- Directed by: Carlo Ludovico Bragaglia
- Written by: Jacques Companéez; Vitaliano Brancati; Aldo De Benedetti; Agenore Incrocci; Vittorio Nino Novarese;
- Produced by: Raymond Borderie; Lucien Masson;
- Starring: Silvana Pampanini; Henri Vidal; Eva Bartok;
- Cinematography: Luciano Tonti
- Edited by: Roberto Cinquini
- Music by: Renzo Rossellini
- Production companies: Fono Roma; La Société des Films Sirius; Meteor-Film;
- Distributed by: CEI Incom
- Release date: 8 October 1954;
- Running time: 100 minutes
- Countries: Italy; France; West Germany;
- Language: Italian

= Orient Express (1954 film) =

1954 drama film

Orient Express is a 1954 drama film directed by Carlo Ludovico Bragaglia and starring Silvana Pampanini, Henri Vidal, Folco Lulli, Eva Bartok, and Curd Jürgens. It was made as a co-production between Italy, France and West Germany.

It was shot at the Farnesina Studios of Titanus in Rome and on location in the Dolomites. The film's sets were designed by the art director Ottavio Scotti.

==Plot==
The plot revolves around a two-day stop at a village in the Alps by passengers on the Orient Express.

== Reviews ==
The national and international reviews were mostly bad. Below are three examples:

"Intermezzo" wrote: "The Italian and German film industries collaborated in the production of this film, which, judging by the results, did not deserve so much fervor of international activity."
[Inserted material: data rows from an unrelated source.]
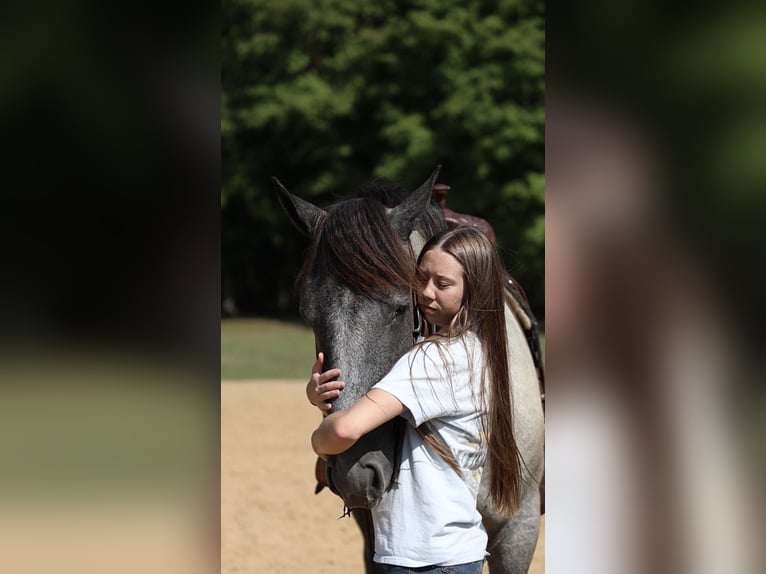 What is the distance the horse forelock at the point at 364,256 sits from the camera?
7.83 feet

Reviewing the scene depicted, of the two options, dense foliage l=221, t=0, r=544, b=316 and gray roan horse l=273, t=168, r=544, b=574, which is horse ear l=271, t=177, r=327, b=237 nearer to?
gray roan horse l=273, t=168, r=544, b=574

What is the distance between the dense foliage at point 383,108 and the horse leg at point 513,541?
676 inches

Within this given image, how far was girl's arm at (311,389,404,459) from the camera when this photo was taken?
→ 6.84 feet

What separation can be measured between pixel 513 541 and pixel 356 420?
5.04 ft

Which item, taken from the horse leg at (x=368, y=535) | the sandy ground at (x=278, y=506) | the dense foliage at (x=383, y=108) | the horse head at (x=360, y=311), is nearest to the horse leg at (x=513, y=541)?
the horse leg at (x=368, y=535)

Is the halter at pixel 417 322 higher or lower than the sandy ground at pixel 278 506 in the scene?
higher

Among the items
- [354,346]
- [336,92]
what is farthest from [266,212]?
[354,346]

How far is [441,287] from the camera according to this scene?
229 cm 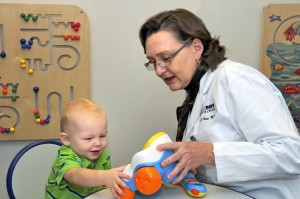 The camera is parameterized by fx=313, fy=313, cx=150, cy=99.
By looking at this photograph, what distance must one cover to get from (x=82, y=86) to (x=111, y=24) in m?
0.38

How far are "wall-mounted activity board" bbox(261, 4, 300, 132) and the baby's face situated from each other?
1.23 meters

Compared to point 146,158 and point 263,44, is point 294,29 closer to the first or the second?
point 263,44

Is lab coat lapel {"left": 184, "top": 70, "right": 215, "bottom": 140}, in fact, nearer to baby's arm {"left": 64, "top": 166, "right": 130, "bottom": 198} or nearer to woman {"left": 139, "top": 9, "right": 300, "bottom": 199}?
woman {"left": 139, "top": 9, "right": 300, "bottom": 199}

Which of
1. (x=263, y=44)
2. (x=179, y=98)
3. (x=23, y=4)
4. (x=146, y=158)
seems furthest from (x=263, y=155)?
Answer: (x=23, y=4)

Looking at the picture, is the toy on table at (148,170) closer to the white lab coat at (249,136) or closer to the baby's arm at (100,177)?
the baby's arm at (100,177)

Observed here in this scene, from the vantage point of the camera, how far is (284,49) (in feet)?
6.22

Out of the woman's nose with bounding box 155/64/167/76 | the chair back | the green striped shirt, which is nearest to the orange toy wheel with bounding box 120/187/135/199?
the green striped shirt

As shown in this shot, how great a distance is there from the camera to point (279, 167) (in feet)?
3.17

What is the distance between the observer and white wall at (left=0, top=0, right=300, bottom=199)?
5.71ft

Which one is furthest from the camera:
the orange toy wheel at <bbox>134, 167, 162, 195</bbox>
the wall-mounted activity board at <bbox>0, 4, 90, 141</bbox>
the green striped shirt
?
the wall-mounted activity board at <bbox>0, 4, 90, 141</bbox>

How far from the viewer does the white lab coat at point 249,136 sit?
962 millimetres

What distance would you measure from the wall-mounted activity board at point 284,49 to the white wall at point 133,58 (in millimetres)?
59

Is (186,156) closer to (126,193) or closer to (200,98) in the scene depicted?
(126,193)

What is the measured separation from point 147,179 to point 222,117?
0.37 meters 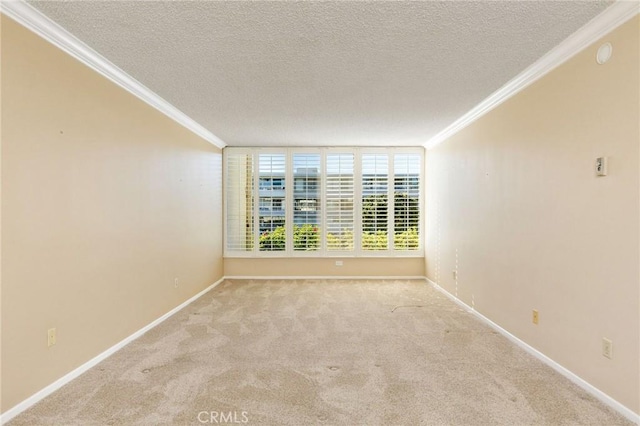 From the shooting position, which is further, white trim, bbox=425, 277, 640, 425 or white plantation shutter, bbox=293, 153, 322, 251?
white plantation shutter, bbox=293, 153, 322, 251

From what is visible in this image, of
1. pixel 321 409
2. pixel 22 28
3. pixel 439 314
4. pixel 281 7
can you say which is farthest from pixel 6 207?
pixel 439 314

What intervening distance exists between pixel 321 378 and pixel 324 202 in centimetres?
376

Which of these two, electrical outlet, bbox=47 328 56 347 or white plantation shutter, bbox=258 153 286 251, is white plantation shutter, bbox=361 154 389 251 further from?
electrical outlet, bbox=47 328 56 347

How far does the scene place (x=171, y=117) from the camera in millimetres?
3826

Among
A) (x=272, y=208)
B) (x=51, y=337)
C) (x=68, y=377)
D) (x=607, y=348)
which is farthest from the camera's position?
(x=272, y=208)

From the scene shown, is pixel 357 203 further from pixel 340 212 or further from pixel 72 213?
pixel 72 213

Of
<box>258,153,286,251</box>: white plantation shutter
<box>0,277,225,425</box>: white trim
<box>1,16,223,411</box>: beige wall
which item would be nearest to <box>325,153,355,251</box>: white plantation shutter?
<box>258,153,286,251</box>: white plantation shutter

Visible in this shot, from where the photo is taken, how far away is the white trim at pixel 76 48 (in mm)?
1894

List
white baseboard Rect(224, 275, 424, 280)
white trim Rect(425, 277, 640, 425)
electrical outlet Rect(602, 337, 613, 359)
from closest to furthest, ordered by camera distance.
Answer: white trim Rect(425, 277, 640, 425) → electrical outlet Rect(602, 337, 613, 359) → white baseboard Rect(224, 275, 424, 280)

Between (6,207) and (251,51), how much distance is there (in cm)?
186

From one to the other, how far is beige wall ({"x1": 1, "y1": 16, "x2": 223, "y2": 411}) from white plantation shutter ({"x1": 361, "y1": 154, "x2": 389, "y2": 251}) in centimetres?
331

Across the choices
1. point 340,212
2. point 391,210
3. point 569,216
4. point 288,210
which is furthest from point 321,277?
point 569,216

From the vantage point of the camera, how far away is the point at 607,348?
1.99 metres

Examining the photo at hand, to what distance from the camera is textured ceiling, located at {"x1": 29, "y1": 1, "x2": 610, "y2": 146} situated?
1.93 m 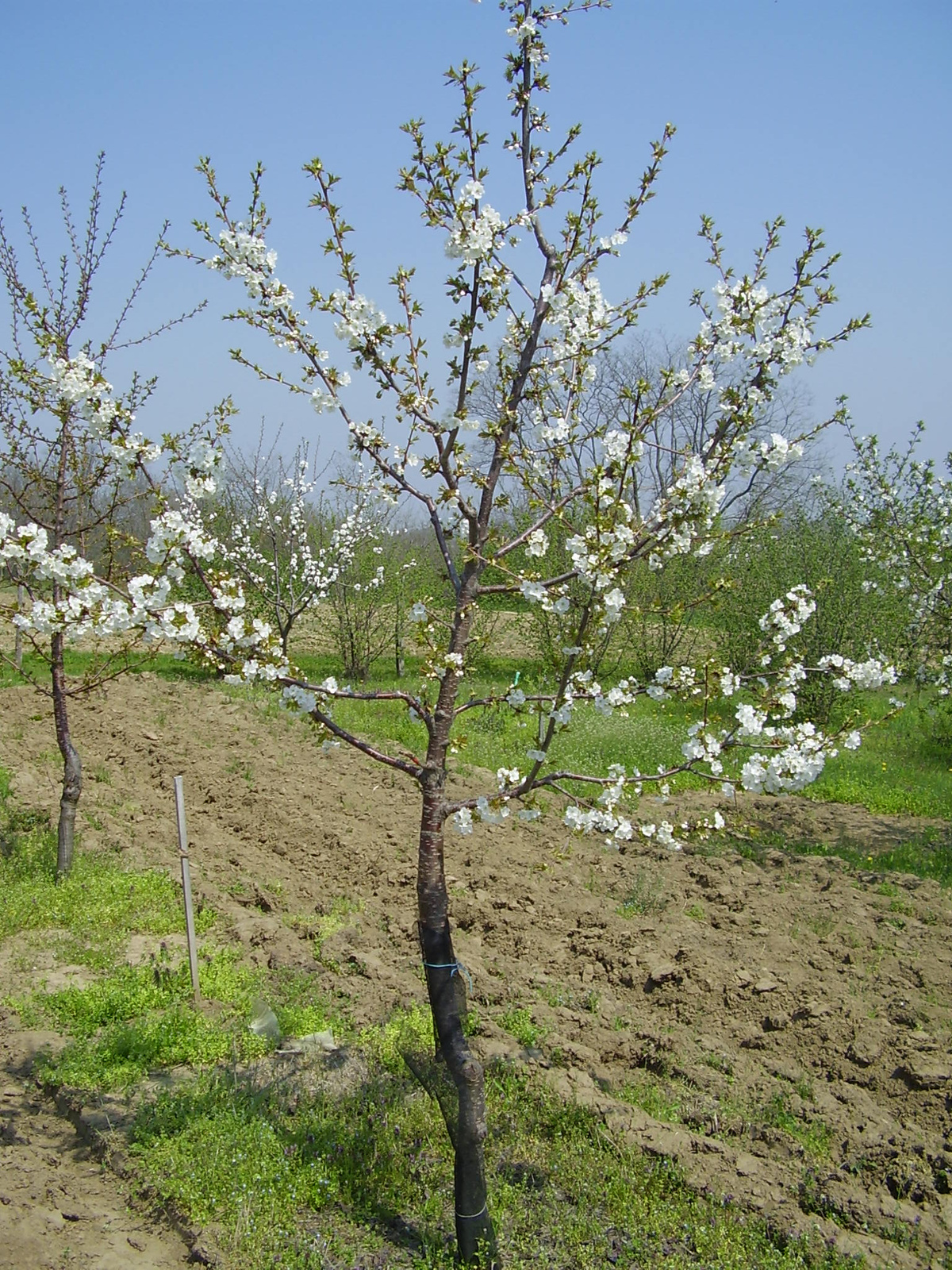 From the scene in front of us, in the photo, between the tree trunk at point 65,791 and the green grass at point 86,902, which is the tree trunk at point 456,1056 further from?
the tree trunk at point 65,791

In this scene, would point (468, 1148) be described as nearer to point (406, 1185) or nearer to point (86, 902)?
point (406, 1185)

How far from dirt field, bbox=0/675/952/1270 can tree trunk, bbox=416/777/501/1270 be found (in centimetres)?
67

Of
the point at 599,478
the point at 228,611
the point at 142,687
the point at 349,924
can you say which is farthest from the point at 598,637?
the point at 142,687

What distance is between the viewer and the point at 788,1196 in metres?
3.64

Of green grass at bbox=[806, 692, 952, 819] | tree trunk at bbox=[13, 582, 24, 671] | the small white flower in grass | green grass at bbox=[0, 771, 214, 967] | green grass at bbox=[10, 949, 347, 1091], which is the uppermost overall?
tree trunk at bbox=[13, 582, 24, 671]

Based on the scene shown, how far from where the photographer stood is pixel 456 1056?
11.0ft

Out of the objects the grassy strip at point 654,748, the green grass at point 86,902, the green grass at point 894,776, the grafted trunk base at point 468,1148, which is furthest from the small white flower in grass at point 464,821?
the green grass at point 894,776

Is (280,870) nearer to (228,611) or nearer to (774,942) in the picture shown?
(774,942)

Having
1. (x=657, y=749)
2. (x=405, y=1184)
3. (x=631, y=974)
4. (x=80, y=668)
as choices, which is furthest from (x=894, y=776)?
(x=80, y=668)

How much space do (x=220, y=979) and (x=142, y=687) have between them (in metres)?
7.36

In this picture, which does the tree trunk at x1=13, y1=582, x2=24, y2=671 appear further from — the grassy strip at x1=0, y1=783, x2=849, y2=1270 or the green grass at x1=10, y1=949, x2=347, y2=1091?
the grassy strip at x1=0, y1=783, x2=849, y2=1270

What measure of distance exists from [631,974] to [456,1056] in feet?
7.08

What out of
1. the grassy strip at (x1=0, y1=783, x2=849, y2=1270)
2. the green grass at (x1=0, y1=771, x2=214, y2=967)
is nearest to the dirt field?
the grassy strip at (x1=0, y1=783, x2=849, y2=1270)

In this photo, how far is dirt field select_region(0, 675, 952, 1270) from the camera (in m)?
3.69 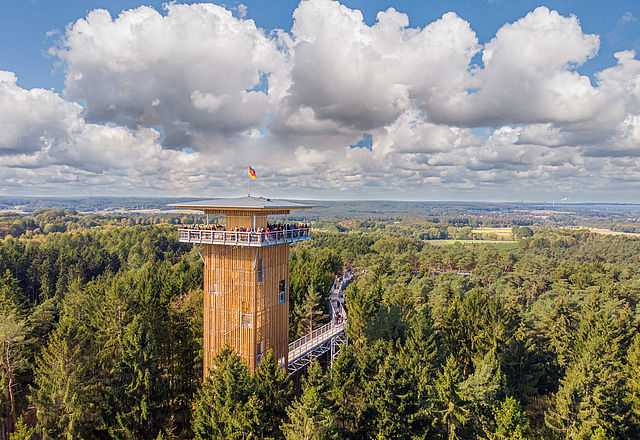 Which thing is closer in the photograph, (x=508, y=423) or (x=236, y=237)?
(x=508, y=423)

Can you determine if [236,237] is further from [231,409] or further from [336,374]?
[336,374]

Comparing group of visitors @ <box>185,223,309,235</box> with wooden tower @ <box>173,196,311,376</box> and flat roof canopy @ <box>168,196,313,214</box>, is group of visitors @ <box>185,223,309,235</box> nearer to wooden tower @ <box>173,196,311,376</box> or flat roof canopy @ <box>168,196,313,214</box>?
wooden tower @ <box>173,196,311,376</box>

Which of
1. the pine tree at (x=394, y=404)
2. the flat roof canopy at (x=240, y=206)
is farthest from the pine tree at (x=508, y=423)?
the flat roof canopy at (x=240, y=206)

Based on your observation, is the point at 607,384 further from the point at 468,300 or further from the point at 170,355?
the point at 170,355

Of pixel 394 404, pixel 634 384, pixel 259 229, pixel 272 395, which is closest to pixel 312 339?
pixel 272 395

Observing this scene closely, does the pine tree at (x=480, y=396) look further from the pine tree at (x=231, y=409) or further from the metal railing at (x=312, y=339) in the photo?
the pine tree at (x=231, y=409)

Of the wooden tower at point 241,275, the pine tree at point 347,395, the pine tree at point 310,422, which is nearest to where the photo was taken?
the pine tree at point 310,422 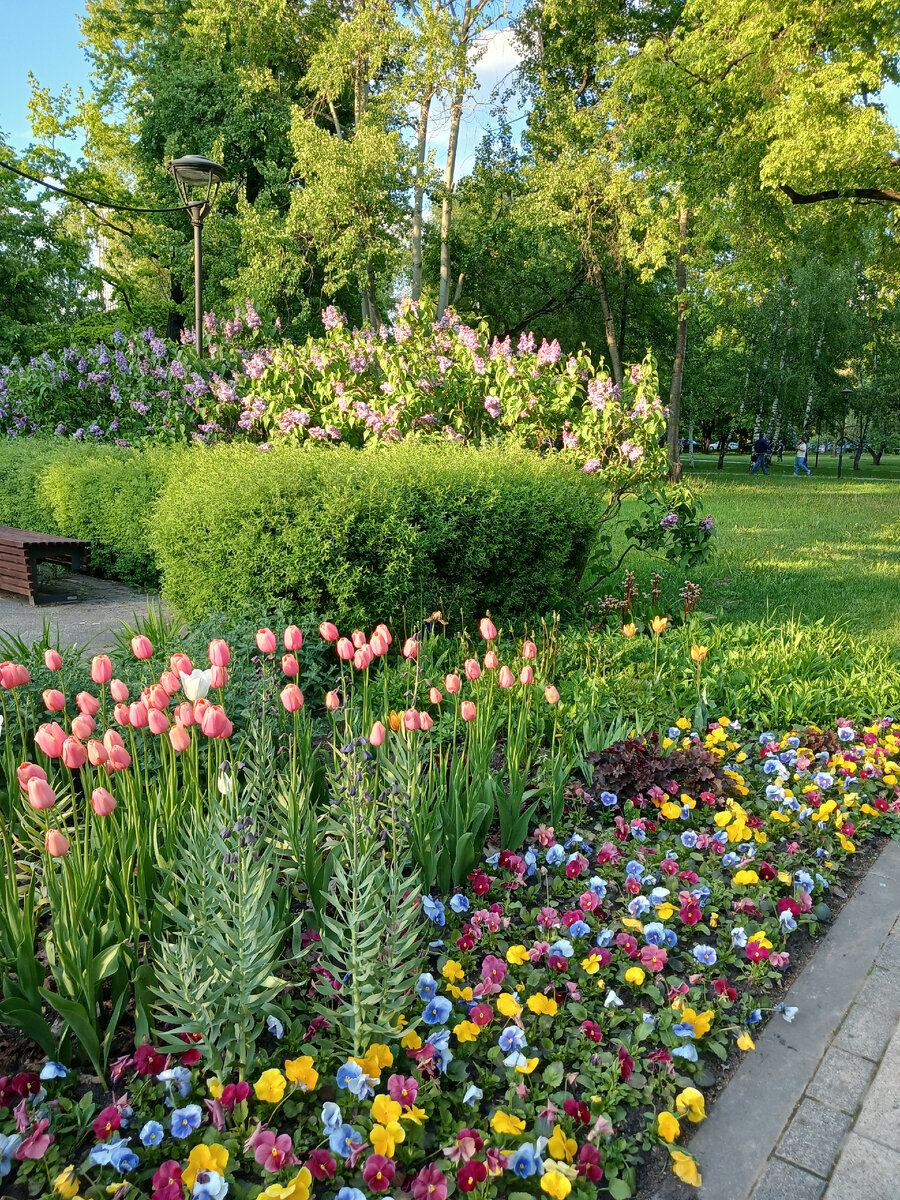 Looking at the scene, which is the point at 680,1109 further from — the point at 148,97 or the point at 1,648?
the point at 148,97

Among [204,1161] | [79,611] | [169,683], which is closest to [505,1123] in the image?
[204,1161]

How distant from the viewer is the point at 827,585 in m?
7.70

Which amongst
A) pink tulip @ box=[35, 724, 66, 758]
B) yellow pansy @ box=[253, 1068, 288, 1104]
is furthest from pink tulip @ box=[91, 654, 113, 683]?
yellow pansy @ box=[253, 1068, 288, 1104]

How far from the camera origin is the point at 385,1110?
5.62 feet

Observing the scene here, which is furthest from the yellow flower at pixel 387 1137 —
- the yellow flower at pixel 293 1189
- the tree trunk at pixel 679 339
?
the tree trunk at pixel 679 339

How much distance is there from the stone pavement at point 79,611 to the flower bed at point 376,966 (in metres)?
2.57

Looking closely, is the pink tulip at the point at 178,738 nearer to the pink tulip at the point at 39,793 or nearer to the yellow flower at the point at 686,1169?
the pink tulip at the point at 39,793

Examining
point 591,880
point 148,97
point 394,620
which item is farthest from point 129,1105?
point 148,97

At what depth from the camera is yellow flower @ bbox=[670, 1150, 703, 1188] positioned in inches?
66.3

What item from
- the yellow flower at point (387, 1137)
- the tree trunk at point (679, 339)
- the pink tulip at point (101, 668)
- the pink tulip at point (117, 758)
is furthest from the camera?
the tree trunk at point (679, 339)

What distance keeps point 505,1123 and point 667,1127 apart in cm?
36

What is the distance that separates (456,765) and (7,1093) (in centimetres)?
146

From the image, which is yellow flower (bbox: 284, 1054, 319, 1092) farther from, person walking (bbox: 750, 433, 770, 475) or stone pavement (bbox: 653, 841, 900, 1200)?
person walking (bbox: 750, 433, 770, 475)

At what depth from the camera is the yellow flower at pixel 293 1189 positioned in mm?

Der Spiegel wrote: “After 150 long meters, the express gets stuck in an avalanche of snow and the film gets stuck in a conglomeration of boredom and acting mistakes (Silvana Pampanini and Eva Bartok), which proves once again that co-productions are often not just a cost - but also bring about a reduction in quality.”

The Lexikon des Internationales Films states: "One of the first major international co-productions with German participation after the Second World War: with popular film stars, but without speed, excitement and credibility."

==Cast==
- Silvana Pampanini as Beatrice Landi
- Henri Vidal as Jacques Ferrand
- Folco Lulli as Filippo dal Pozzo
- Robert Arnoux as Jean Tribot aka Mr. Davis
- Eva Bartok as Roxane
- Curd Jürgens as Bate
- Michael Lenz as Giovanni
- Liliane Bert as Agnès, the pharmacist
- Olga Solbelli as Olga, la ricevitrice postale
- Gemma Bolognesi
- Arturo Bragaglia
- Giuseppe Chinnici
- Liliana de Curtis
- Anita Durante
- Ugo Filipponi
- Ivo Garrani
- Mimma Gheducci
- Iga Ritzenfeld
- Sandro Ruffini
- Tullio Tomadoni

==Bibliography==
- Chiti, Roberto & Poppi, Roberto. Dizionario del cinema italiano: Dal 1945 al 1959. Gremese Editore, 1991.
- Wiesenthal, Mauricio. The belle époque of the Orient-Express. Crescent Books, 1979.